> [TASK INSTRUCTIONS] Without copying any picture, transcribe exactly the lines of the data below from the one containing "Markbrown online show from 09-15-25, 08:20" through the one containing "U.P.-Fall-Beer-Fest-2019-31".

> [RECORDS SUPPLIED]
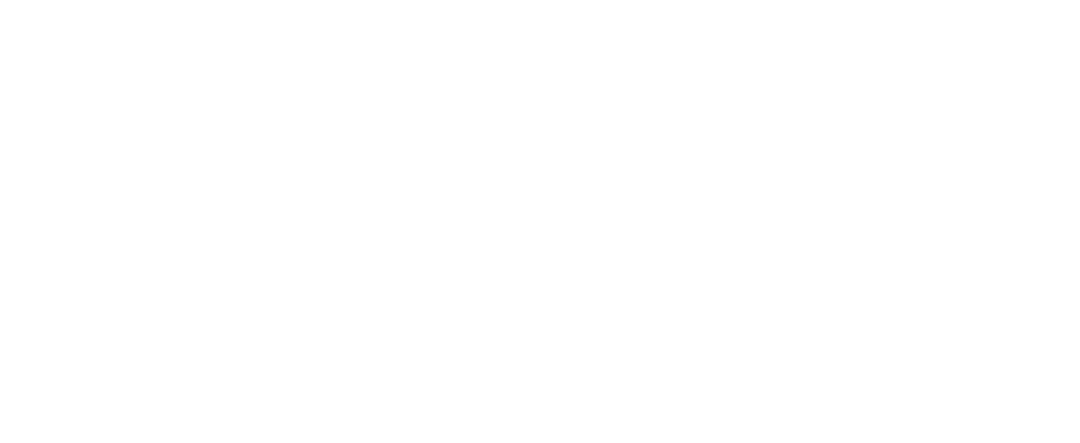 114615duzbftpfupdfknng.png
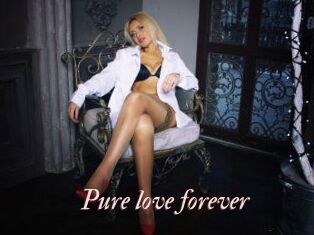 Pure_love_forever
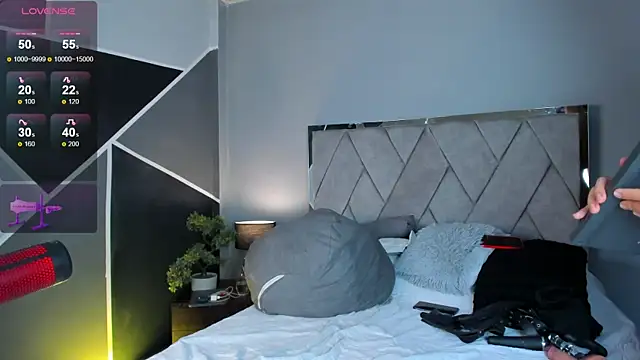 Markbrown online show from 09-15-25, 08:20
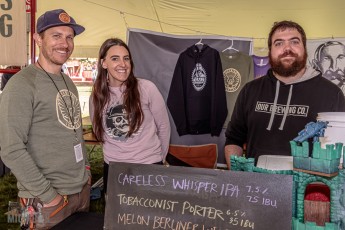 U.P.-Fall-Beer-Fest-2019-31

...

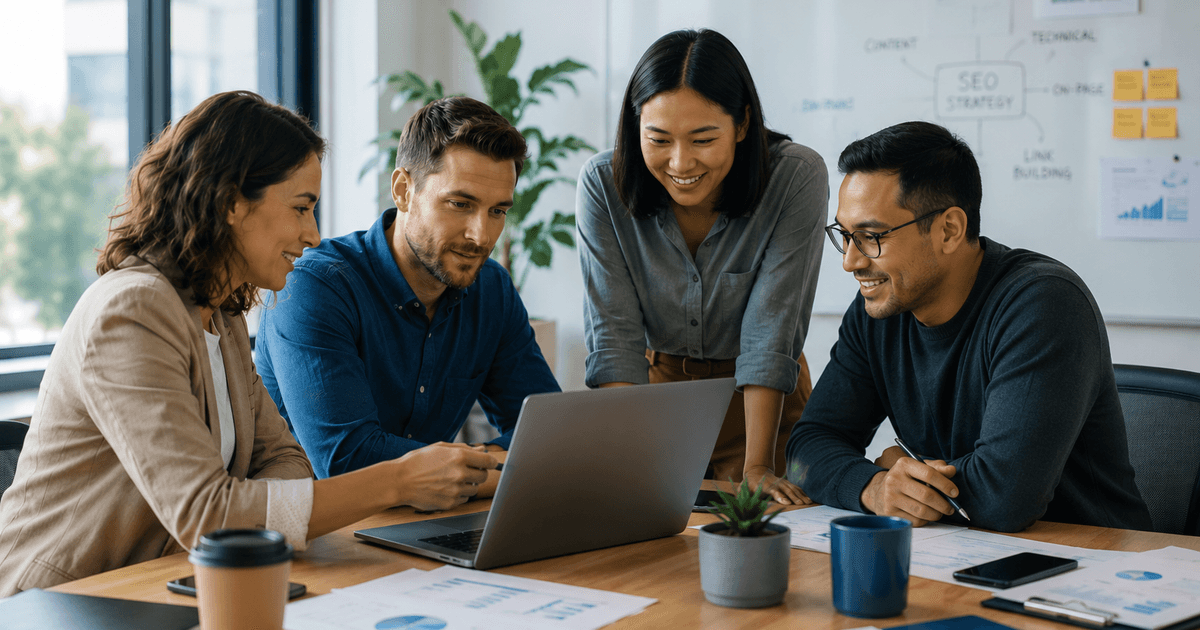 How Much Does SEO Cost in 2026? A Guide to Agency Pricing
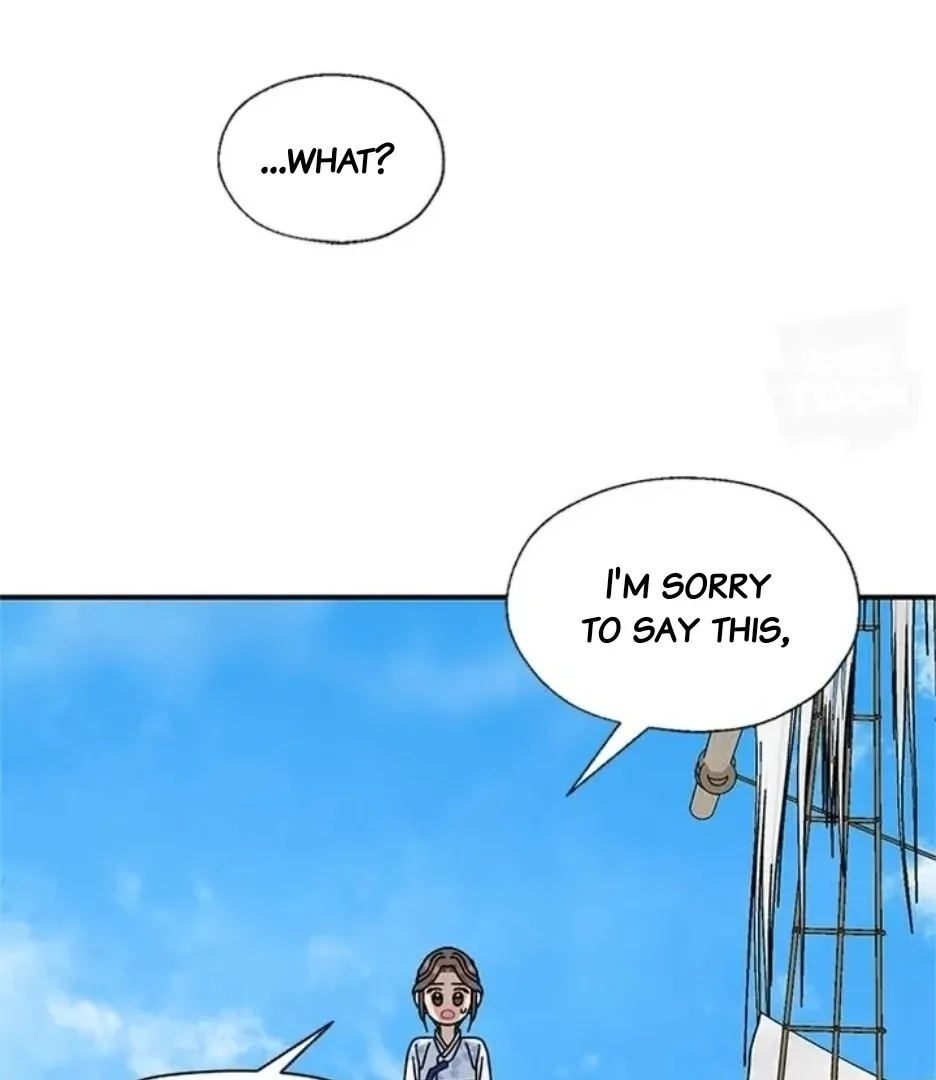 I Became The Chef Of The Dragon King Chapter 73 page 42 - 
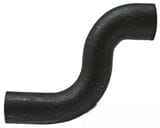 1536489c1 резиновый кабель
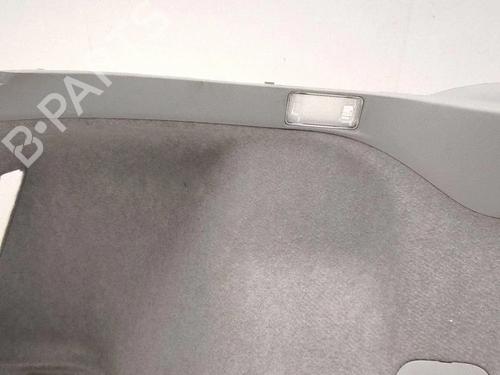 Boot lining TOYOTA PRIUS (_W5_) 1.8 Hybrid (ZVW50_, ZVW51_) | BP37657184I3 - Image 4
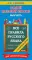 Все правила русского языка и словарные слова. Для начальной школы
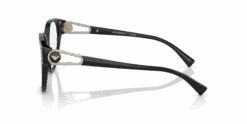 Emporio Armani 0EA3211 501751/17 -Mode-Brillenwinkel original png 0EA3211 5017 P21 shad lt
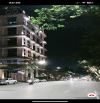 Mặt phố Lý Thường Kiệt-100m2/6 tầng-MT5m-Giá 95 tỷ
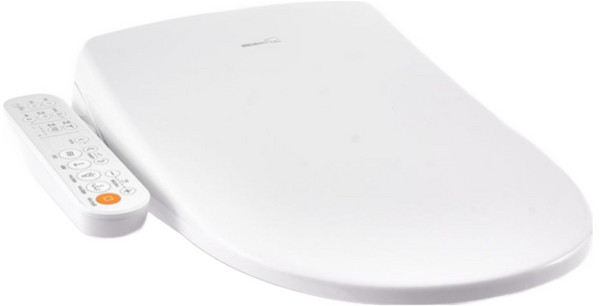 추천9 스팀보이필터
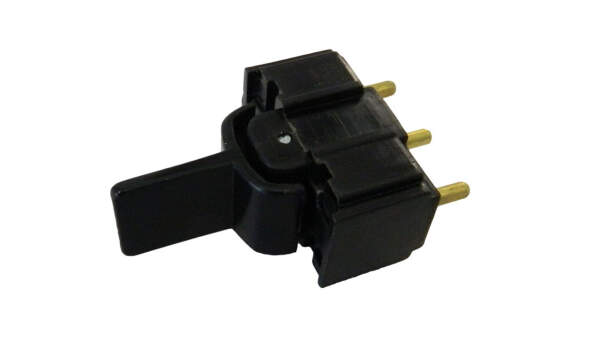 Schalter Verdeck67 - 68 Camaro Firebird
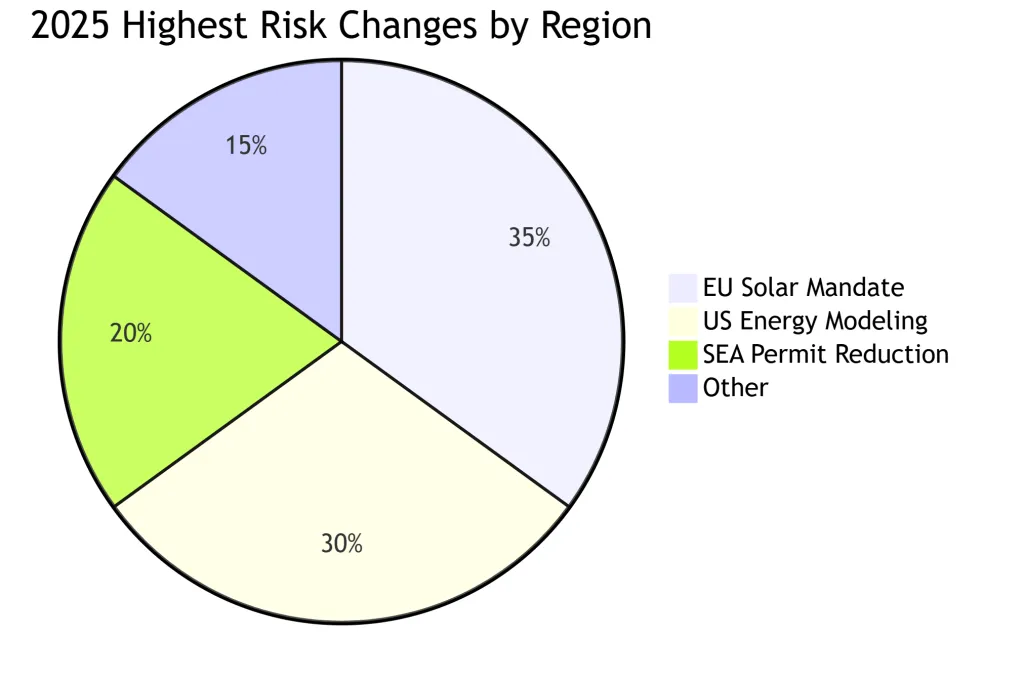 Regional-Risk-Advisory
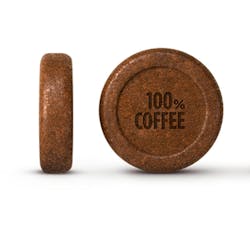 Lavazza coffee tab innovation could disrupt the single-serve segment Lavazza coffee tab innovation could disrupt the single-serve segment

> [THE COMPLETED TASK]
 Markbrown online show from 09-15-25, 08:20
 U.P.-Fall-Beer-Fest-2019-31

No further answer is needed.